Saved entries
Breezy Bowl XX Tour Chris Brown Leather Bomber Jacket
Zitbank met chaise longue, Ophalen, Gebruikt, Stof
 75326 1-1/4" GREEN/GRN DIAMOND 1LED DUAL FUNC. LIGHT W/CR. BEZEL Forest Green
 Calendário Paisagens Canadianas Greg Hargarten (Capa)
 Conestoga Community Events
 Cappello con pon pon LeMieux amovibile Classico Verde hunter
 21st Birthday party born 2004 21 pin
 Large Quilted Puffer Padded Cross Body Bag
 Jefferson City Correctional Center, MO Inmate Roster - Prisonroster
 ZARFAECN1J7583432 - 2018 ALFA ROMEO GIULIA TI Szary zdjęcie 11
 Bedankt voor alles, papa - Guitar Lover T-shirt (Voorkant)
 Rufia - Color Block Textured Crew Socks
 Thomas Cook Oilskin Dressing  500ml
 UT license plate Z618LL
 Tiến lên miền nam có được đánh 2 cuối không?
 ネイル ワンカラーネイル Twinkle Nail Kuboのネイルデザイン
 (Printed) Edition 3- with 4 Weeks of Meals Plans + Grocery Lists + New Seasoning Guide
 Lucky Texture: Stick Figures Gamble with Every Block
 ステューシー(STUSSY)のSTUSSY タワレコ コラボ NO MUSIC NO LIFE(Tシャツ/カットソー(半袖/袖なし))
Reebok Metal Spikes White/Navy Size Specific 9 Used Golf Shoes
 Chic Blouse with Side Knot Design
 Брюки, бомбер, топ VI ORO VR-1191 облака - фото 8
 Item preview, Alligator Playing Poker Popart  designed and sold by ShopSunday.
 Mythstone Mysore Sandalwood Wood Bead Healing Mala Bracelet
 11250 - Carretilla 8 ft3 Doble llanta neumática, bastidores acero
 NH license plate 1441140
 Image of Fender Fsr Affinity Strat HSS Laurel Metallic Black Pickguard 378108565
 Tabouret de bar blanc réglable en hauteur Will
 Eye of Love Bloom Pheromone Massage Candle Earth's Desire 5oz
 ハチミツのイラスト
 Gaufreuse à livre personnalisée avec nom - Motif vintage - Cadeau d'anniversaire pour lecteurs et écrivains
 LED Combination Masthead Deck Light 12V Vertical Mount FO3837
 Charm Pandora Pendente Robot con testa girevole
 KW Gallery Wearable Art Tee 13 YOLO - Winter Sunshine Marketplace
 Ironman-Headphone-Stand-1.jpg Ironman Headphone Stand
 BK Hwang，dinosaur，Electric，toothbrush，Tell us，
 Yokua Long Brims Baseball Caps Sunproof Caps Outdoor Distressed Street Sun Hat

**Task objective:**
Pick each line holding "with" out of the entries above and return it.

**Problem solution:**
 (Printed) Edition 3- with 4 Weeks of Meals Plans + Grocery Lists + New Seasoning Guide
 Lucky Texture: Stick Figures Gamble with Every Block
 Chic Blouse with Side Knot Design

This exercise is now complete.